In the United States, we promoted both the North American Free Trade Agreement and the Uruguay Round on the basis of their job creation potential. We now have enough empirical evidence to show that these agreements have succeeded in enhancing growth, wages, and job creation.

We also know that any widening of the wage gap is due more to the creation of higher paying jobs in advanced, export-oriented industries, such as aerospace, information technology, health, and telecommunications, than to a decline in wages in lower-paying, import-sensitive industries.

Nonetheless, domestic opposition to a renewal of “fast track” Presidential trade negotiating authority and to a new round remains robust, partly because it is rather a simple matter to enflame opinion by citing the inevitable examples of jobs lost as a result of comparative advantage.

Evidence of a positive impact of open trade on jobs in the developing world is equally strong.
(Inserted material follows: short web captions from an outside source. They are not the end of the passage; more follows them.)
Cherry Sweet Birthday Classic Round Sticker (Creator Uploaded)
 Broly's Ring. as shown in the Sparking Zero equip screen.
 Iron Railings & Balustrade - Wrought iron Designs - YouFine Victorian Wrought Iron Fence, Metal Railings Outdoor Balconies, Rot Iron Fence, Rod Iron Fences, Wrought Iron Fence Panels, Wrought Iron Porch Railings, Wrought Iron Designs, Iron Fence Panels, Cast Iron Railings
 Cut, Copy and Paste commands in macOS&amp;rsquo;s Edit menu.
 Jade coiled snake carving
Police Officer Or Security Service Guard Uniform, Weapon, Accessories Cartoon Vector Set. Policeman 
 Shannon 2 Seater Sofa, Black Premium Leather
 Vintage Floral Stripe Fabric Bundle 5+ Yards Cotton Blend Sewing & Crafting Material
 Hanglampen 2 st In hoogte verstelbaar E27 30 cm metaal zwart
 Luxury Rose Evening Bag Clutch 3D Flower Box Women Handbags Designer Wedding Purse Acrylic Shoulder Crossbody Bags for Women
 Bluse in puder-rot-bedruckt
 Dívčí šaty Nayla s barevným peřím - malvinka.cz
The examples of trade-oriented economies such as Taiwan, South Korea, Singapore, Malaysia, Mexico, Chile, and, increasingly, China surely demonstrate this.

Yet fear of competing with other developed countries - probably exacerbated by their often-selective market-opening policies - as well as political fears of losing an iron grip on local economies has made the developing world wary of a new round.

To capture the maximum positive impact of trade, the dialogue must be broadened to include other benefits: lower consumer prices, the inexorable efficiency gains from global competition, increased foreign direct investment (FDI), technology transfer, and the increased personal and institutional freedoms associated with market forces.

Recent research shows that direct investment by North American companies in the developing world has substantial political, as well as economic, net benefits for the recipient nation.

FDI frequently results in large-scale training of local employees in modern management techniques (including environmental management), higher wages, adoption of nondiscriminatory hiring practices, technology transfer, and access to the Internet. Many of the most successful developing countries have embraced FDI as a part of their development strategy.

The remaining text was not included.